Irene Jane Beyerlein (born November 1971) is an American materials scientist who is the Mehrabian Interdisciplinary Endowed Chair at the University of California, Santa Barbara. She is a Fellow of the Materials Research Society. Beyerlein was elected a member of the US National Academy of Engineering in 2024 for contributions to methodologies predicting the mechanics of complex engineering materials to improve their stability and strength.

== Early life and education ==
Beyerlein was born in Clemson, South Carolina. She completed undergraduate studies at Clemson University. After her junior year she realized that she was interested mathematics and materials, and decided to major in mechanical engineering. She moved to Cornell University for graduate studies, where she studied fibrous composites. After earning her doctorate, Beyerlein joined the Los Alamos National Laboratory as a J. R. Oppenheimer Fellow. She spent three years as a research fellow before being appointed to the faculty at the LANL.

== Research and career ==
Beyerlein worked as a theorist at Los Alamos National Laboratory for several years, where she was co-director of the Energy Frontiers Research Center. In 2016, Beyerlein joined the University of California, Santa Barbara.

Beyerlein's research considers the design of materials that can withstand extreme conditions, including high stress, temperature and strain. She has studied how plastic deformations propagate through materials and how strain localization can give rise to the initiation of slip bands. She is particularly interested in how lightweight materials that can improve fuel economy in aircraft.

Beyerlein is the editor of Scripta Materialia and on the editorial board of Acta Materialia. In 2019, Beyerlein was recognized as a Brimacombe Medalist by The Minerals, Metals & Materials Society for her "groundbreaking work on the plasticity of HCP metals and metal nanocomposites as well as for her commitment to mentorship of the next generation of materials scientists."

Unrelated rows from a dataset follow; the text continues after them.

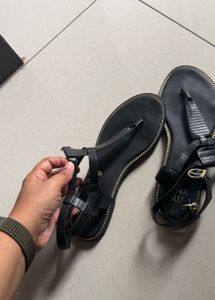 Black Gladiator Sandals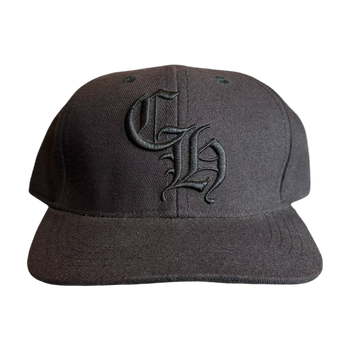 Chrome Hearts CH Logo Fitted Hat Black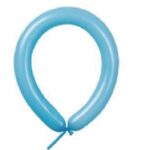 T260" LATEX BALLOONS 50CT  - LIGHT BLUE..
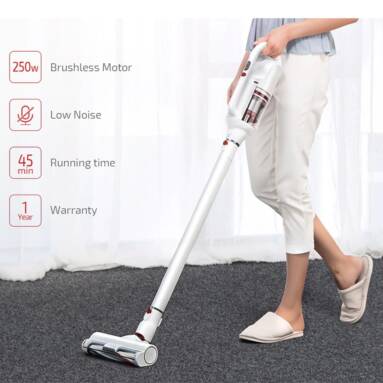 $179 with coupon for PUPPYOO T10 Home Cordless Vacuum Cleaner Brushless Motor LED 250W 17500Pa 2 in 1 HEPA 45MIn – White EU Warehouse from GEARBEST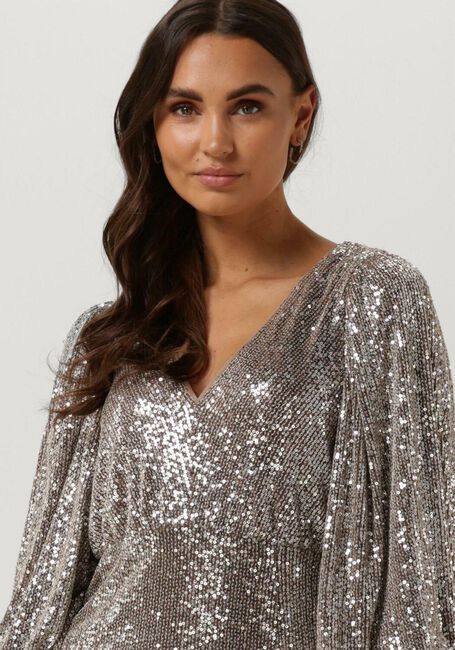 Silberne Y.A.S. Minikleid YASSTEEL 3/4 DRESS - large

To date, Beyerlein has published over 500 academic manuscripts, and has been cited over 30,000 times, resulting in an h-index and i10-index of 93 and 390 respectively.

== Awards and honors ==
- 2012 Los Alamos National Laboratory Fellows' Prize
- 2013 International Journal of Plasticity Young Research Award
- 2014 Distinguished Mentor Award
- 2016 NSF ADVANCE STEM Professor Fellowship
- 2018 The Minerals, Metals & Materials Society Distinguished Scientist/Engineering Award
- 2018 The Minerals, Metals & Materials Society Brimacombe Medalist
- 2019 AIME Champion H. Mathewson Award
- 2021 Elected Fellow of the Materials Research Society
- 2021 LMD Magnesium Technology Award - Best Poster

== Selected publications ==
- Beyerlein, I.J. (2008). "A dislocation-based constitutive law for pure Zr including temperature effects"
- Beyerlein, Irene J. (2009). "Bulk Nanostructured Materials"
- Marcel Risse, Martin Lentz, Christoph Fahrenson, Walter Reimers, Marko Knezevic and Irene J. Beyerlein. Elevated Temperature Effects on the Plastic Anisotropy of an Extruded Mg-4 Wt Pct Li Alloy: Experiments and Polycrystal Modeling. Metallurgical and Materials Transactions A volume 48, pages 446–458 (2017). doi:https://doi.org/10.1007/s11661-016-3780-4

== Personal life ==
Beyerlein is a road cyclist, and was named Los Alamos, New Mexico State Cycling Champion in 2005 and 2010.